Decolonization was a feature of post-World War II era and the surrender of Nazi Germany. The UN Charter was created; the Arab League was formed in 1945 by seven countries; twenty-nine non-aligned countries from Africa and Asia formed the non-aligned Bandung Conference in Indonesia in 1955. Due to decolonization, Arab League state members today are twenty-three; there are 120 Non-Aligned nations; and United Nations member states jumped from 51 in 1945 to 194.

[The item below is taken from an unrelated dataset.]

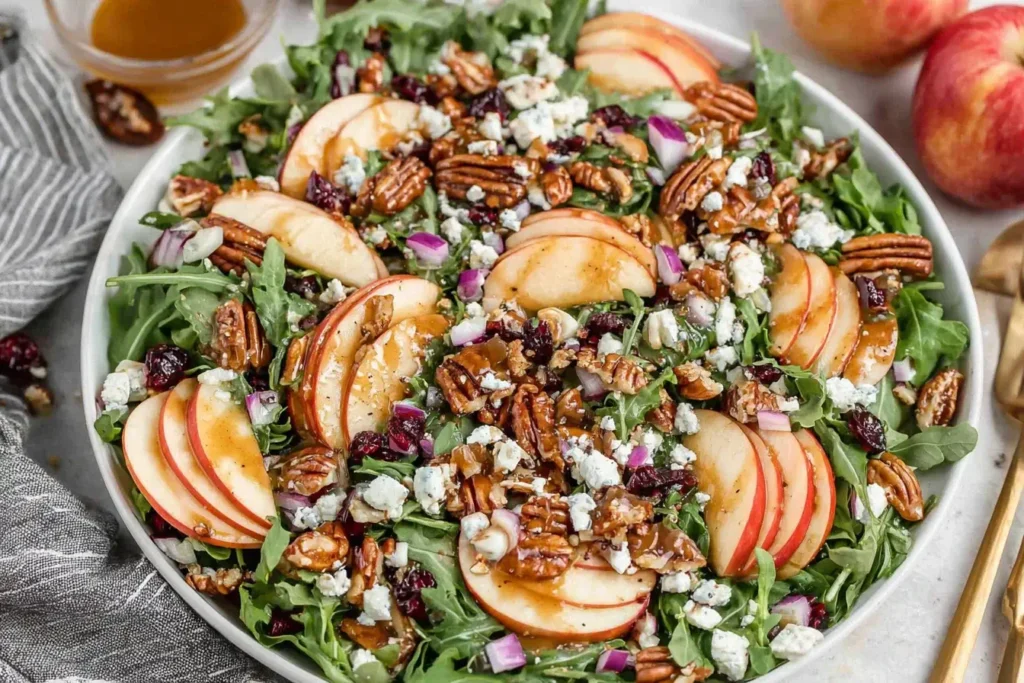 Fresh Apple Arugula Salad with sliced apples, goat cheese, maple pecans, and balsamic dressing served on a white plate.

But there seems no light at the end of the dark tunnels through which the Palestinians have been moving virtually throughout the twentieth century and into the twenty-first. Generations of the Palestinian people have been struggling for their national freedom, but there is no hope they will achieve liberty and justice if they do not change course soon. For course correction, there should be an internal debate of a kind for which the history of modern states that won independence offers innumerable precedents that can be emulated.

 Ironically, the Palestinians who constituted 92% of the population and owned 94% of Palestinian cultivated lands in 1920 were one of the first people in the world fighting colonialism. They were demanding their freedom and self-determination at the same time when Gandhi, the leader of India’s National Congress, was leading the non-violent struggle for the subcontinent’s freedom. India, the largest democracy in the world today, achieved independence in 1947. The Palestinians rebelled against the British and the Zionists years before the 1952-1960 Kenya’s Mau Mau up-rising against the British colonial rule that was followed by Kenya African National Union struggle under the leadership of Jomo Kenyatta. The Kenyans achieved independence in 1964. 

For hundreds of years, Arab Palestinians lived peacefully with the old Jewish community, descendents of the Spanish and Portuguese Inquisition. The political conflict started only when waves of Jewish immigrants came from Russia in 1903-05 and thereafter. They were mostly militant Zionists with radical nationalist ideas backed by international Zionist financial and political institutions. Their ideology reflected on their hostile attitude toward the Arab Palestinians.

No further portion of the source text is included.